I used to co-host a podcast called The Downtime Project. Each episode, my old friend Tom Kleinpeter and I walked through a public tech postmortem, extracted lessons, and related our own stories about outages of our past projects. Back then, in 2021, Convex was just a prototype. Once or twice, I commented on air that karma would ensure Convex got its own Downtime Project-worthy incident or two one day. Here we are! Let's dive in.

First, I want to apologize to all the T3 Chat users who were impacted by Sunday's outage. Despite what Theo's discount code might lead you to believe, none of this was Theo's fault. It was Convex's fault.

The vast majority of Convex is open source, so throughout this post, I'll refer to our public source code and PRs whenever I can.

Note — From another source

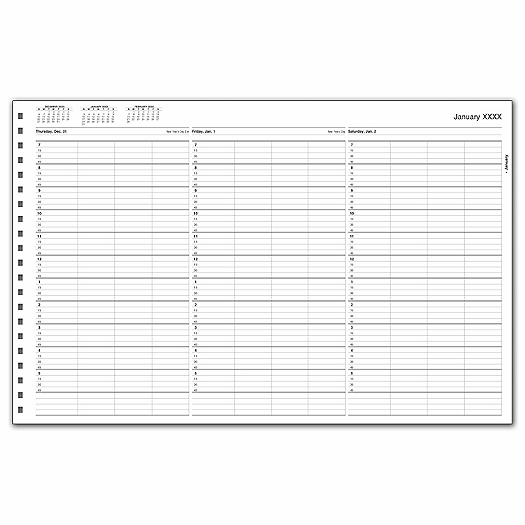 TimeScan 4 Col Looseleaf Book - 15 Min, 7am-6pm w/extra hr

This is a complex outage, so bear with me! I hope to tie it all together in the end.

Outage Context

Generally speaking, T3 Chat’s traffic should be manageable by Convex, even at a 10x or 100x higher level. But there are two things about T3 Chat's use of Convex that are new for us, and led to system states we were underprepared for:

  • T3 Chat relies more heavily on text search than other high-traffic Convex customers.
  • Users frequently leave T3 Chat open in a background tab, so it's there when they need it.

These two factors combined led to a new operational pattern on our platform that set the stage for Sunday's outage.

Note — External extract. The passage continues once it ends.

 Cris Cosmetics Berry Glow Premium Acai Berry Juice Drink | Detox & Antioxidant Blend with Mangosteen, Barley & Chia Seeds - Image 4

And perhaps a bit of background on Convex is helpful to cover as well:

  • Convex manages its sync protocol over a WebSocket.
  • Convex is a reactive backend. Clients can subscribe to TypeScript server "query functions." When mutation functions change some records in the database, Convex ensures the affected subscriptions are updated by re-running the queries and producing the new results. We call that "query invalidation."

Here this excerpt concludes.